In the end, after the confusion is sorted out, Marsha decides that if she has to choose, being married to Peter would make her happier than her career. She comes home and finds Ginger and Darvac knocked out in the closet.

==Cast==
- Rosalind Russell as Marsha Meredith
- Robert Cummings as Peter B. Webb
- Gig Young as Alexander Darvac
- Marie McDonald as Ginger Simmons
- Harry Davenport as Judge MacKenzie Meredith
- Fay Baker as Valerie Hobson
- Katherine Warren as Kitty Lawton
- Douglass Dumbrille as George Ellerby
- Clem Bevans as Alonzo K. Roogle
- Grandon Rhodes as Ken Craig
- Louise Beavers as Cleo, Marsha's maid (uncredited)
- Thurston Hall as Sen. Caswell (uncredited)
- Larry Steers as Bar Patron (uncredited)
- Ben Welden as Augie (uncredited)

==Production==
The title was originally What My Next Husband Will Be and was announced in June 1948 as a vehicle for Lucille Ball. By October the lead had gone to Rosalind Russell. In November Buddy Adler was attached to produce. Filming was to begin in January with John Lund discussed as co-star. Norman Foster signed to direct in December 1948. Then Fred MacMurray agreed to co star.

The title was changed to Tell it to the Judge in April 1949, by which time Bob Cummings signed to star. Cummings had a three-picture deal with Columbia.

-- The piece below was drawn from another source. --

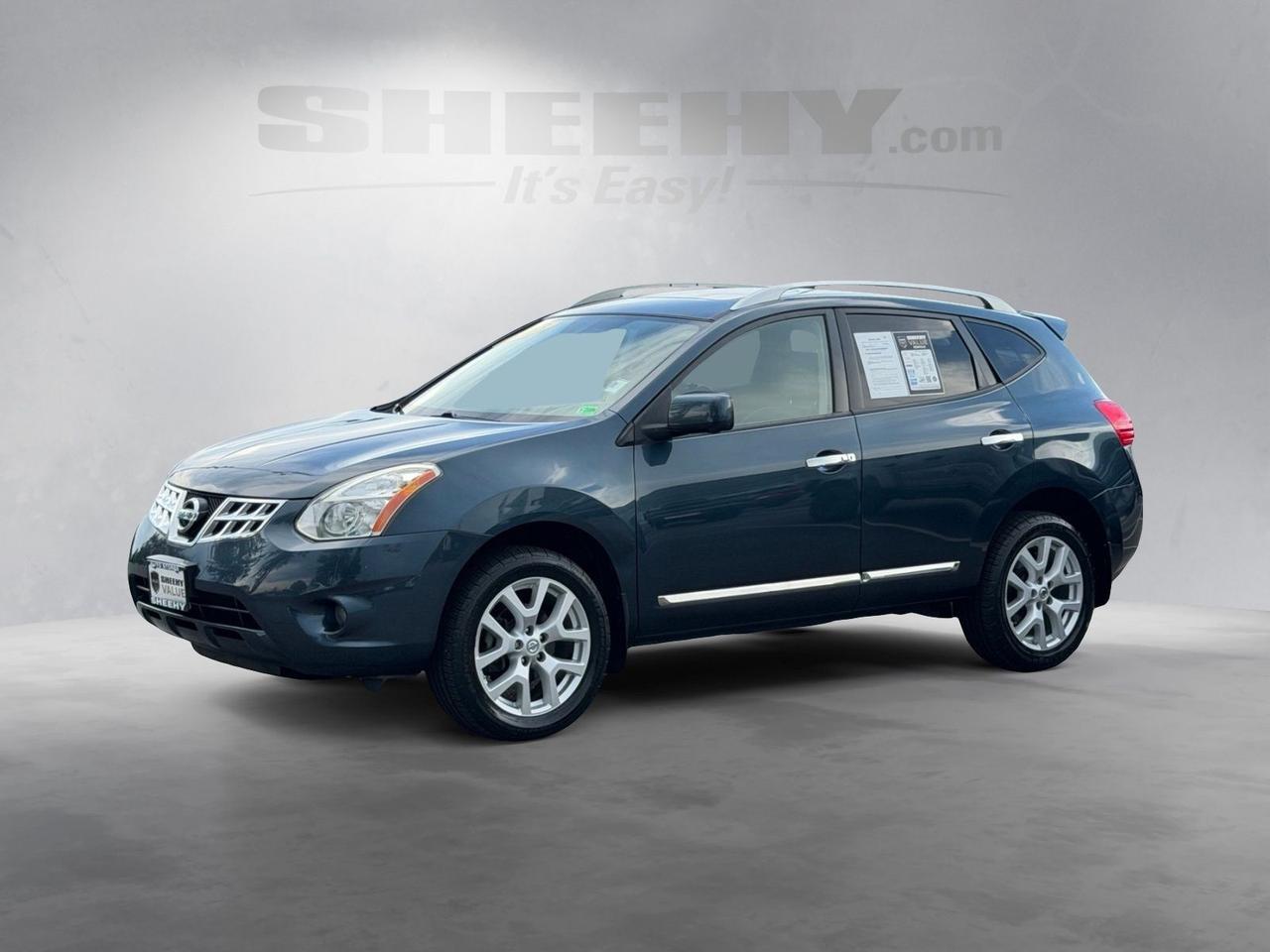 2013 Nissan Rogue SL Springfield VA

Norman Foster directed the film which started 5 April. In May 1949 Charles Vidor was called in to direct re-takes.

==Reception==
Variety called it "a flip farce".

Russell later said she would get the film "mixed up" with another comedy she made around this time, A Woman of Distinction, co-starring Ray Milland. She called Robert Cummings and Milland "first-class farceurs. They'll do anything for a laugh" but said "I could see the working-woman premise was wearing thin for postwar audiences." Variety later said the box office performance of both these films "proved weak". Variety listed the film as a box office disappointment.